━━━━━ Data excerpts ━━━━━

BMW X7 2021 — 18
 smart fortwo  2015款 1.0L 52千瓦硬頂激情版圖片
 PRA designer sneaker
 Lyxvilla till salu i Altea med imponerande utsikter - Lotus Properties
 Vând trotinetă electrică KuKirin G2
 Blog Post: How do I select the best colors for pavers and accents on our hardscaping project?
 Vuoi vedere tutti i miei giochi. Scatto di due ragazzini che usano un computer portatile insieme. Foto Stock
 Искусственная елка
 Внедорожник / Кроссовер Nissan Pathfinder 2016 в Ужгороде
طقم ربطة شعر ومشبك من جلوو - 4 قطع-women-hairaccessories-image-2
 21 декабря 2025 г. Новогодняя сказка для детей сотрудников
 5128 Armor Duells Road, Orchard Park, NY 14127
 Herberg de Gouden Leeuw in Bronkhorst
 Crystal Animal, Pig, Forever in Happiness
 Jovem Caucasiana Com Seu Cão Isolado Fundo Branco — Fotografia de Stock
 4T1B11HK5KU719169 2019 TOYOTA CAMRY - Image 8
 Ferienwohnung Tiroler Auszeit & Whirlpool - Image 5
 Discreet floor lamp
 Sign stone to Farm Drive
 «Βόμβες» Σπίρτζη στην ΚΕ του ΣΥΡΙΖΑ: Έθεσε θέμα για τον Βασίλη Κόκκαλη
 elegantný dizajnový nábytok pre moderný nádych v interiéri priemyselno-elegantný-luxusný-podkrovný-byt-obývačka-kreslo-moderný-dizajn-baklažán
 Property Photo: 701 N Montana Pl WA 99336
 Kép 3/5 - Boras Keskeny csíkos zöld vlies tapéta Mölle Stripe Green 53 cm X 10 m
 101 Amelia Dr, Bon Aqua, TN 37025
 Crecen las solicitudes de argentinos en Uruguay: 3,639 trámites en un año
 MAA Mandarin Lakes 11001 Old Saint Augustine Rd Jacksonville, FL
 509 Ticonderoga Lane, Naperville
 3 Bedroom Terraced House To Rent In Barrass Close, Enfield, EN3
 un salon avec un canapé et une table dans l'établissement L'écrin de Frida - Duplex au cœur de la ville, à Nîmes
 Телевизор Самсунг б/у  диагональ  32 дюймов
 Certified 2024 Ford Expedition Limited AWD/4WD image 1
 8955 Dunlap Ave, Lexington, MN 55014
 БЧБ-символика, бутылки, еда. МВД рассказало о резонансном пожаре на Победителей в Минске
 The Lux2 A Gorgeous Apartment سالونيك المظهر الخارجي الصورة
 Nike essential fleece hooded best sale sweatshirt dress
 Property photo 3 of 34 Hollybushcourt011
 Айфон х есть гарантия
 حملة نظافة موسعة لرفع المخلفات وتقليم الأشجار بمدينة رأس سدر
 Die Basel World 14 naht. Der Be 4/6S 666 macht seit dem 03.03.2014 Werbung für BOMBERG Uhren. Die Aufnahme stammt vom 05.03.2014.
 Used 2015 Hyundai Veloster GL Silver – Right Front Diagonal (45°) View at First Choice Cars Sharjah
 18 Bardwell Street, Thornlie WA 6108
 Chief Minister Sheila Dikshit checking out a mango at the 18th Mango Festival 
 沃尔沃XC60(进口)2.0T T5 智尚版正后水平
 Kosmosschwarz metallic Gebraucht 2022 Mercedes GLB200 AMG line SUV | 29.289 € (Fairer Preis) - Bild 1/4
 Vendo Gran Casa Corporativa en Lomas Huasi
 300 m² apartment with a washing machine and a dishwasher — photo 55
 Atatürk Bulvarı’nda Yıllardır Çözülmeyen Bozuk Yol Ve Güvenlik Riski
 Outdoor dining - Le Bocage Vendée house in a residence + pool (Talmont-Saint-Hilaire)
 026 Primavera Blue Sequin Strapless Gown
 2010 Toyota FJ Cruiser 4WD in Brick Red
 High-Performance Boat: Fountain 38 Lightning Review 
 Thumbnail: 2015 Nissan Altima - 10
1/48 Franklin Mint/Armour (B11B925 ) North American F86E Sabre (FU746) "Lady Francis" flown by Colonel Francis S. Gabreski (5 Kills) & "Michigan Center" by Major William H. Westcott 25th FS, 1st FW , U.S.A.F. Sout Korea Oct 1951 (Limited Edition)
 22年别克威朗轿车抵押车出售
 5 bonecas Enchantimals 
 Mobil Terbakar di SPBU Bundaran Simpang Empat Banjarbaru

━━━━━

→ **What to produce**: Retype every entry exactly as it stands.

→ **Output of the exercise**:
BMW X7 2021 — 18
 smart fortwo  2015款 1.0L 52千瓦硬頂激情版圖片
 PRA designer sneaker
 Lyxvilla till salu i Altea med imponerande utsikter - Lotus Properties
 Vând trotinetă electrică KuKirin G2
 Blog Post: How do I select the best colors for pavers and accents on our hardscaping project?
 Vuoi vedere tutti i miei giochi. Scatto di due ragazzini che usano un computer portatile insieme. Foto Stock
 Искусственная елка
 Внедорожник / Кроссовер Nissan Pathfinder 2016 в Ужгороде
طقم ربطة شعر ومشبك من جلوو - 4 قطع-women-hairaccessories-image-2
 21 декабря 2025 г. Новогодняя сказка для детей сотрудников
 5128 Armor Duells Road, Orchard Park, NY 14127
 Herberg de Gouden Leeuw in Bronkhorst
 Crystal Animal, Pig, Forever in Happiness
 Jovem Caucasiana Com Seu Cão Isolado Fundo Branco — Fotografia de Stock
 4T1B11HK5KU719169 2019 TOYOTA CAMRY - Image 8
 Ferienwohnung Tiroler Auszeit & Whirlpool - Image 5
 Discreet floor lamp
 Sign stone to Farm Drive
 «Βόμβες» Σπίρτζη στην ΚΕ του ΣΥΡΙΖΑ: Έθεσε θέμα για τον Βασίλη Κόκκαλη
 elegantný dizajnový nábytok pre moderný nádych v interiéri priemyselno-elegantný-luxusný-podkrovný-byt-obývačka-kreslo-moderný-dizajn-baklažán
 Property Photo: 701 N Montana Pl WA 99336
 Kép 3/5 - Boras Keskeny csíkos zöld vlies tapéta Mölle Stripe Green 53 cm X 10 m
 101 Amelia Dr, Bon Aqua, TN 37025
 Crecen las solicitudes de argentinos en Uruguay: 3,639 trámites en un año
 MAA Mandarin Lakes 11001 Old Saint Augustine Rd Jacksonville, FL
 509 Ticonderoga Lane, Naperville
 3 Bedroom Terraced House To Rent In Barrass Close, Enfield, EN3
 un salon avec un canapé et une table dans l'établissement L'écrin de Frida - Duplex au cœur de la ville, à Nîmes
 Телевизор Самсунг б/у  диагональ  32 дюймов
 Certified 2024 Ford Expedition Limited AWD/4WD image 1
 8955 Dunlap Ave, Lexington, MN 55014
 БЧБ-символика, бутылки, еда. МВД рассказало о резонансном пожаре на Победителей в Минске
 The Lux2 A Gorgeous Apartment سالونيك المظهر الخارجي الصورة
 Nike essential fleece hooded best sale sweatshirt dress
 Property photo 3 of 34 Hollybushcourt011
 Айфон х есть гарантия
 حملة نظافة موسعة لرفع المخلفات وتقليم الأشجار بمدينة رأس سدر
 Die Basel World 14 naht. Der Be 4/6S 666 macht seit dem 03.03.2014 Werbung für BOMBERG Uhren. Die Aufnahme stammt vom 05.03.2014.
 Used 2015 Hyundai Veloster GL Silver – Right Front Diagonal (45°) View at First Choice Cars Sharjah
 18 Bardwell Street, Thornlie WA 6108
 Chief Minister Sheila Dikshit checking out a mango at the 18th Mango Festival 
 沃尔沃XC60(进口)2.0T T5 智尚版正后水平
 Kosmosschwarz metallic Gebraucht 2022 Mercedes GLB200 AMG line SUV | 29.289 € (Fairer Preis) - Bild 1/4
 Vendo Gran Casa Corporativa en Lomas Huasi
 300 m² apartment with a washing machine and a dishwasher — photo 55
 Atatürk Bulvarı’nda Yıllardır Çözülmeyen Bozuk Yol Ve Güvenlik Riski
 Outdoor dining - Le Bocage Vendée house in a residence + pool (Talmont-Saint-Hilaire)
 026 Primavera Blue Sequin Strapless Gown
 2010 Toyota FJ Cruiser 4WD in Brick Red
 High-Performance Boat: Fountain 38 Lightning Review 
 Thumbnail: 2015 Nissan Altima - 10
1/48 Franklin Mint/Armour (B11B925 ) North American F86E Sabre (FU746) "Lady Francis" flown by Colonel Francis S. Gabreski (5 Kills) & "Michigan Center" by Major William H. Westcott 25th FS, 1st FW , U.S.A.F. Sout Korea Oct 1951 (Limited Edition)
 22年别克威朗轿车抵押车出售
 5 bonecas Enchantimals 
 Mobil Terbakar di SPBU Bundaran Simpang Empat Banjarbaru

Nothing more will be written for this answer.